(Task description):
Keep images out and repeat all data exactly.

─── Data

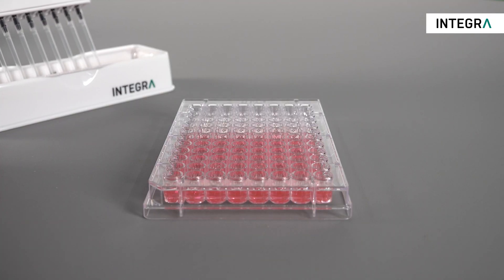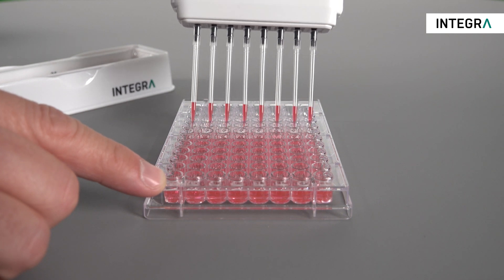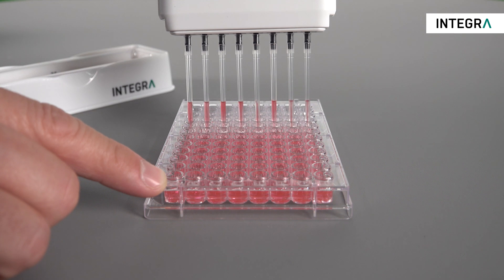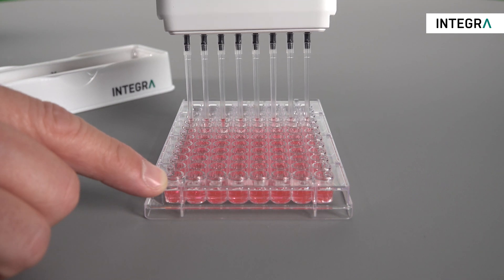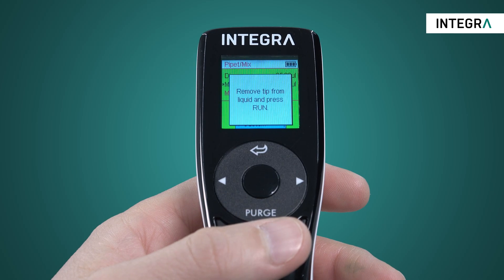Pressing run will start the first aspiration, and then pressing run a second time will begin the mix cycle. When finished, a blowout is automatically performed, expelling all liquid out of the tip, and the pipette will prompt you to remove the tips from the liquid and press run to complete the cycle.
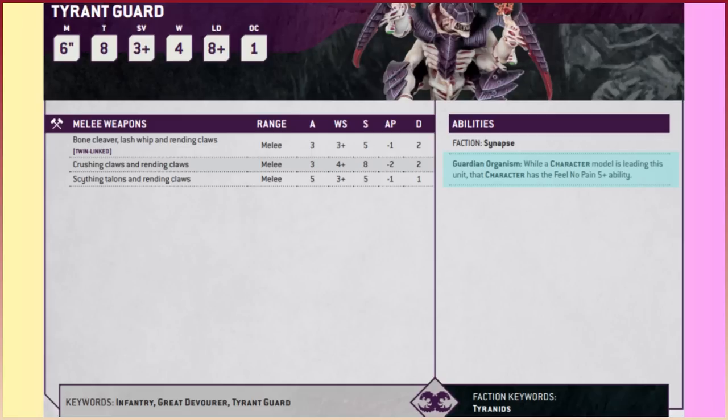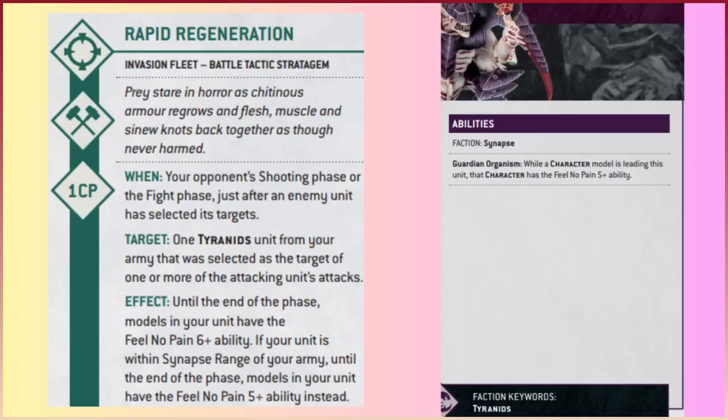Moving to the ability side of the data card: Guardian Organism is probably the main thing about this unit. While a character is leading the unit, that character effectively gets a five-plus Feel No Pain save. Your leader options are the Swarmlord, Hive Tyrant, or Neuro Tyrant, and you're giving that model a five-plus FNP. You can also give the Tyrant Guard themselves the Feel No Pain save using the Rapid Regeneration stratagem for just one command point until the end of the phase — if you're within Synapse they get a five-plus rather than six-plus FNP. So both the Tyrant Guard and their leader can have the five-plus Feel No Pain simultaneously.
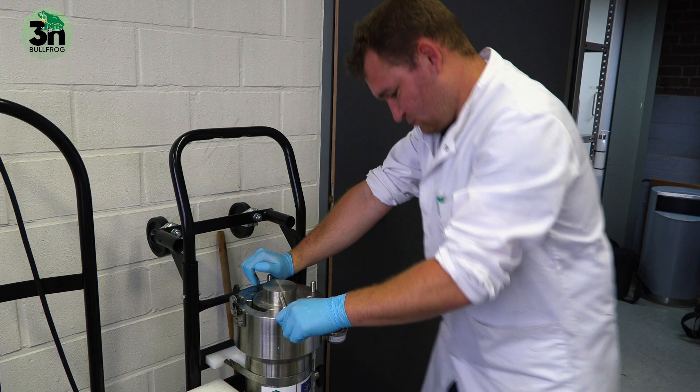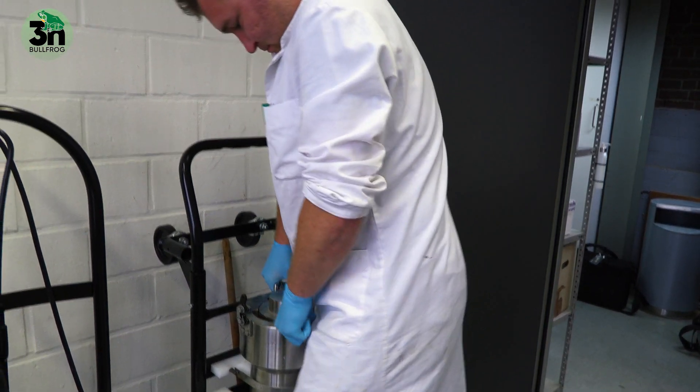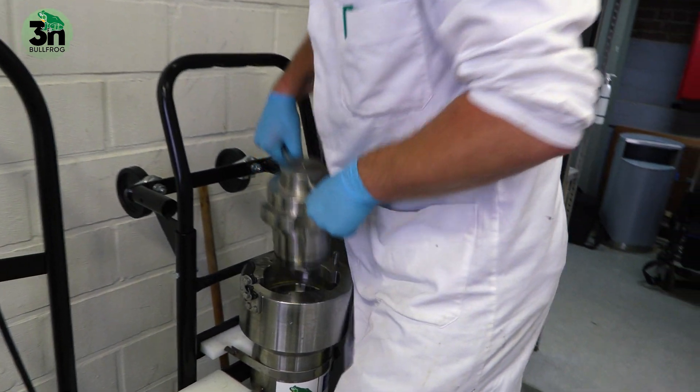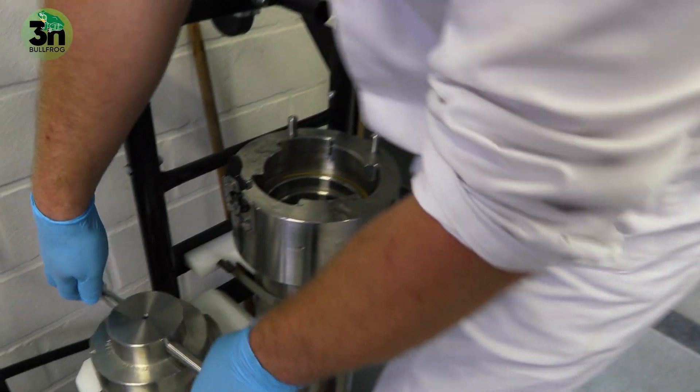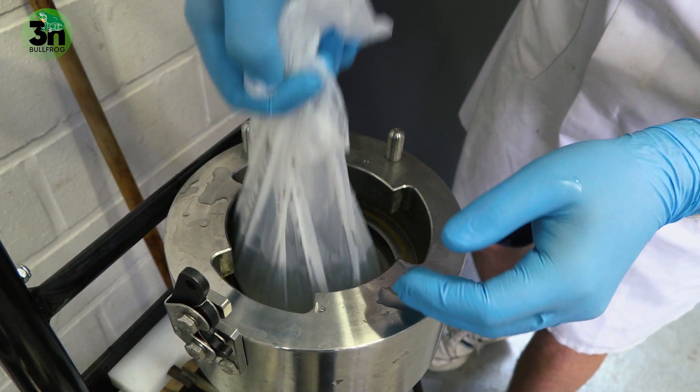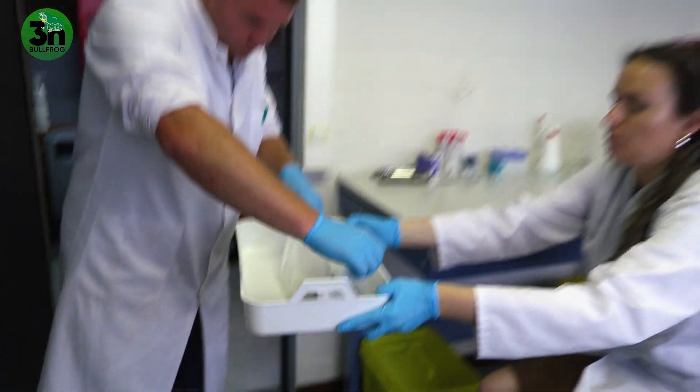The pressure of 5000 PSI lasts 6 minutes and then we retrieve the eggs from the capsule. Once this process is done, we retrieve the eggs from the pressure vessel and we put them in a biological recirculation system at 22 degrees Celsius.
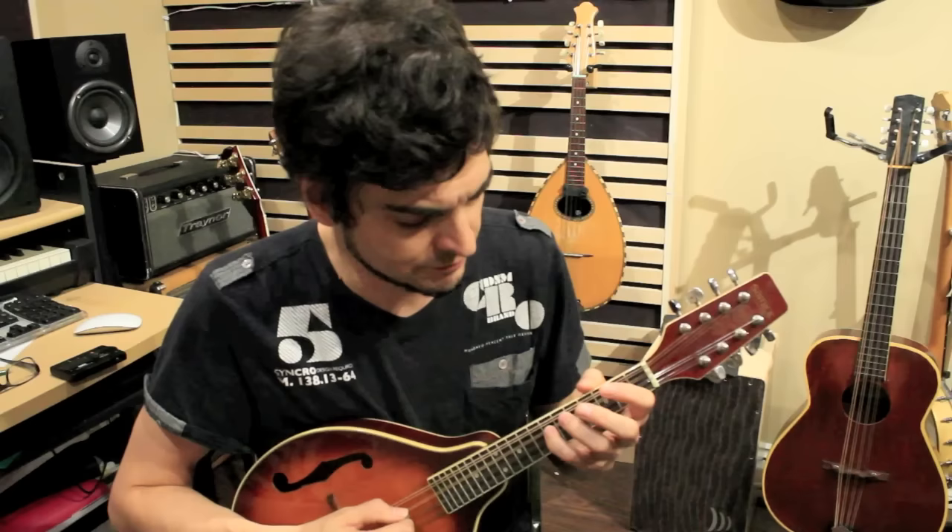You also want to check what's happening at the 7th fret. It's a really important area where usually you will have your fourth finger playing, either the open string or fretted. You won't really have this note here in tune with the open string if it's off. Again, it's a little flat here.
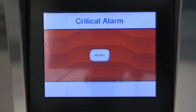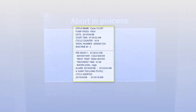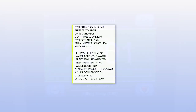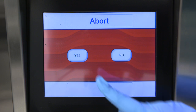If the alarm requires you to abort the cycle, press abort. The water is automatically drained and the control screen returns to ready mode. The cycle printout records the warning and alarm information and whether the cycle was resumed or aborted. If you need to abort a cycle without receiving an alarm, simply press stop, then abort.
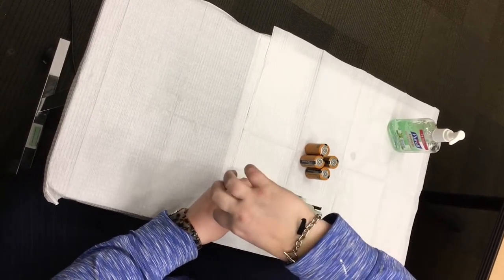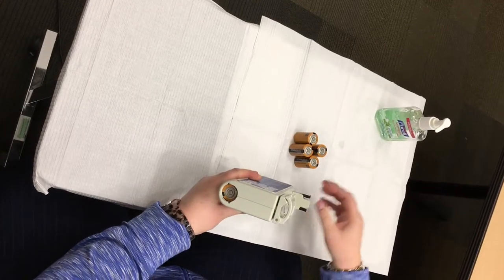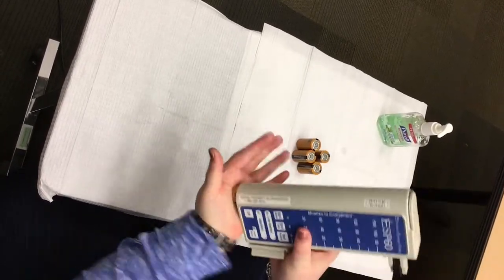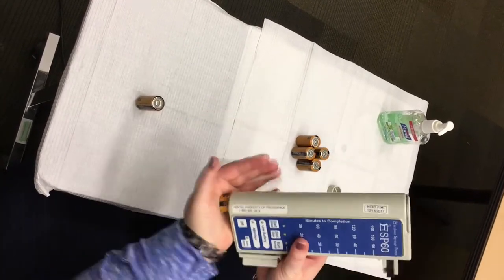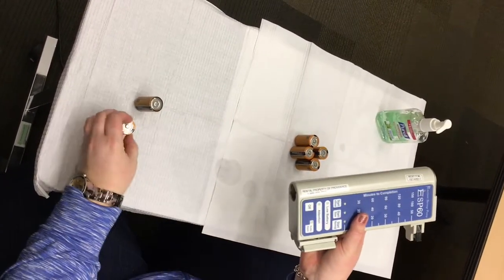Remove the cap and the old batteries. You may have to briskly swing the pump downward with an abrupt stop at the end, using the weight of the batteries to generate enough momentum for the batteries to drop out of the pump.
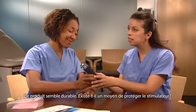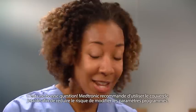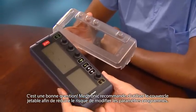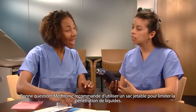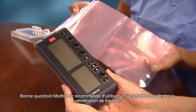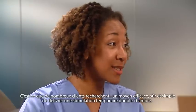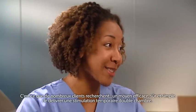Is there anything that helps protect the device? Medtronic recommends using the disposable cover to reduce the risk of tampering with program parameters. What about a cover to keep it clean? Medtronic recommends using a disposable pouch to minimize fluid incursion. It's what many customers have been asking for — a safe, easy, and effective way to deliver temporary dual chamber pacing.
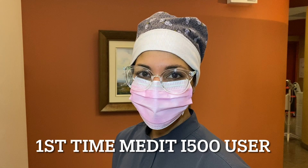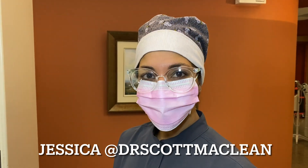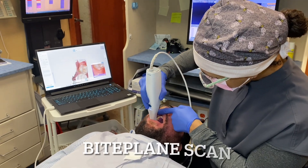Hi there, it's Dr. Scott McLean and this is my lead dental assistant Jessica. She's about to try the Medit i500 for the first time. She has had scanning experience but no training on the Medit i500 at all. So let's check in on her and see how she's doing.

──────

(Written response):
Pressing run will start the first aspiration, and then pressing run a second time will begin the mix cycle. When finished, a blowout is automatically performed, expelling all liquid out of the tip, and the pipette will prompt you to remove the tips from the liquid and press run to complete the cycle.
Moving to the ability side of the data card: Guardian Organism is probably the main thing about this unit. While a character is leading the unit, that character effectively gets a five-plus Feel No Pain save. Your leader options are the Swarmlord, Hive Tyrant, or Neuro Tyrant, and you're giving that model a five-plus FNP. You can also give the Tyrant Guard themselves the Feel No Pain save using the Rapid Regeneration stratagem for just one command point until the end of the phase — if you're within Synapse they get a five-plus rather than six-plus FNP. So both the Tyrant Guard and their leader can have the five-plus Feel No Pain simultaneously.
The pressure of 5000 PSI lasts 6 minutes and then we retrieve the eggs from the capsule. Once this process is done, we retrieve the eggs from the pressure vessel and we put them in a biological recirculation system at 22 degrees Celsius.
You also want to check what's happening at the 7th fret. It's a really important area where usually you will have your fourth finger playing, either the open string or fretted. You won't really have this note here in tune with the open string if it's off. Again, it's a little flat here.
If the alarm requires you to abort the cycle, press abort. The water is automatically drained and the control screen returns to ready mode. The cycle printout records the warning and alarm information and whether the cycle was resumed or aborted. If you need to abort a cycle without receiving an alarm, simply press stop, then abort.
Remove the cap and the old batteries. You may have to briskly swing the pump downward with an abrupt stop at the end, using the weight of the batteries to generate enough momentum for the batteries to drop out of the pump.
Is there anything that helps protect the device? Medtronic recommends using the disposable cover to reduce the risk of tampering with program parameters. What about a cover to keep it clean? Medtronic recommends using a disposable pouch to minimize fluid incursion. It's what many customers have been asking for — a safe, easy, and effective way to deliver temporary dual chamber pacing.
Hi there, it's Dr. Scott McLean and this is my lead dental assistant Jessica. She's about to try the Medit i500 for the first time. She has had scanning experience but no training on the Medit i500 at all. So let's check in on her and see how she's doing.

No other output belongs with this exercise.